Supplied data: Begin

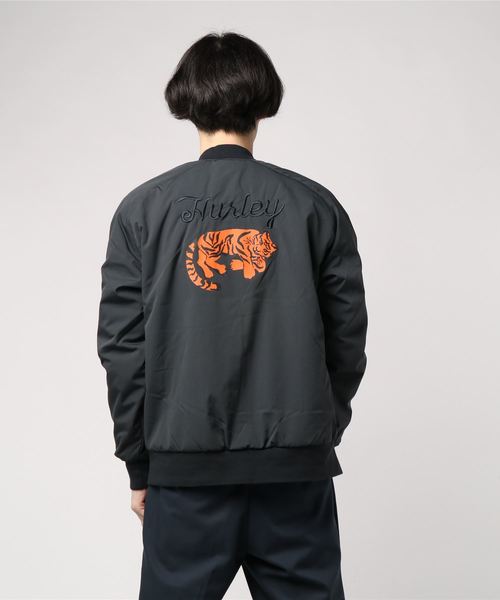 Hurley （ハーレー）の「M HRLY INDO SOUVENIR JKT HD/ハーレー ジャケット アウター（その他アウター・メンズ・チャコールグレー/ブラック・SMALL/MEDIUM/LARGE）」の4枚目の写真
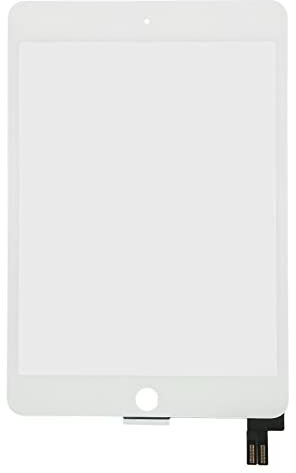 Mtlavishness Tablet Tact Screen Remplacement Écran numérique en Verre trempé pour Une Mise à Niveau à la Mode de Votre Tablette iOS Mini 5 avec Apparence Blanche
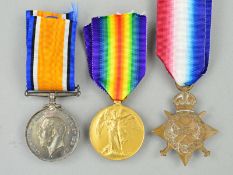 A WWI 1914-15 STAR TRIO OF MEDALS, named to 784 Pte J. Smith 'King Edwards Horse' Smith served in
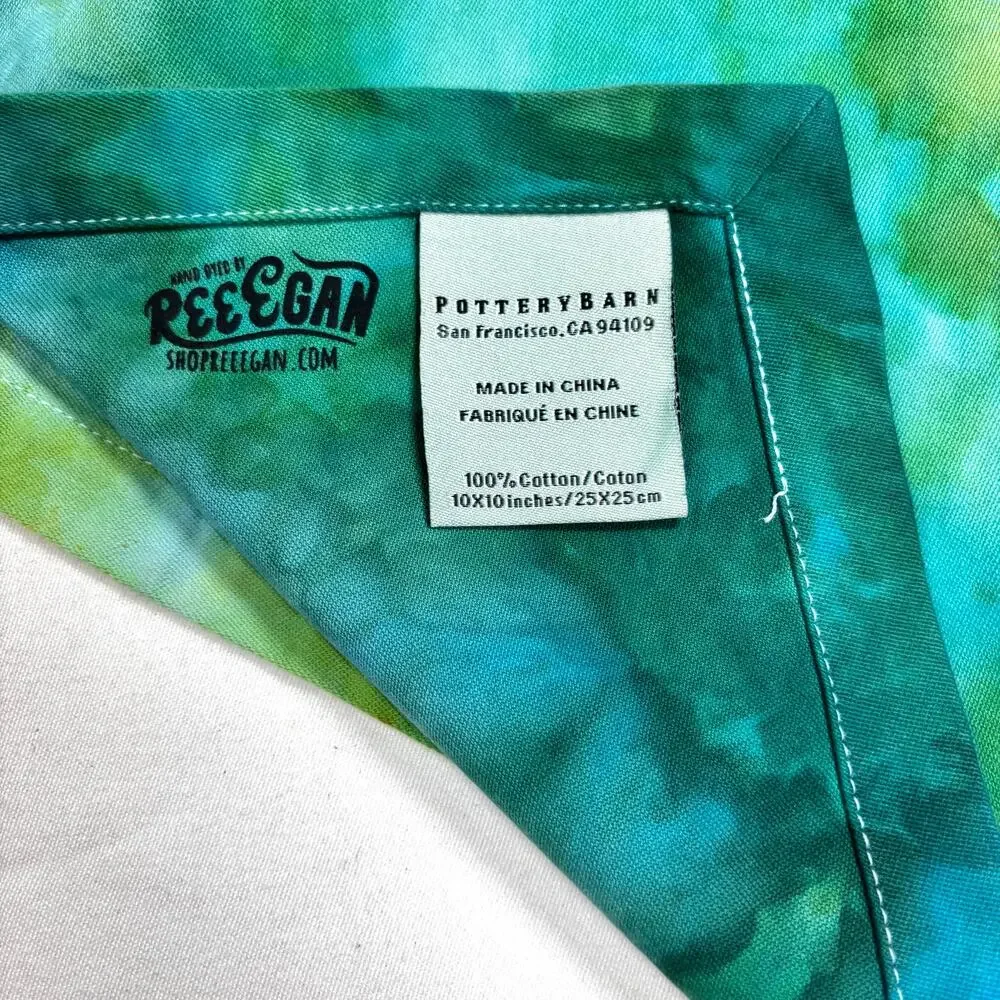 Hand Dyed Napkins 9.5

Supplied data: End

### Requirement:
Copy only this, please: the line with "A WWI 1914-15" and every line after it through the end of the data, with no pictures.

### Exercise output:
 A WWI 1914-15 STAR TRIO OF MEDALS, named to 784 Pte J. Smith 'King Edwards Horse' Smith served in
 Hand Dyed Napkins 9.5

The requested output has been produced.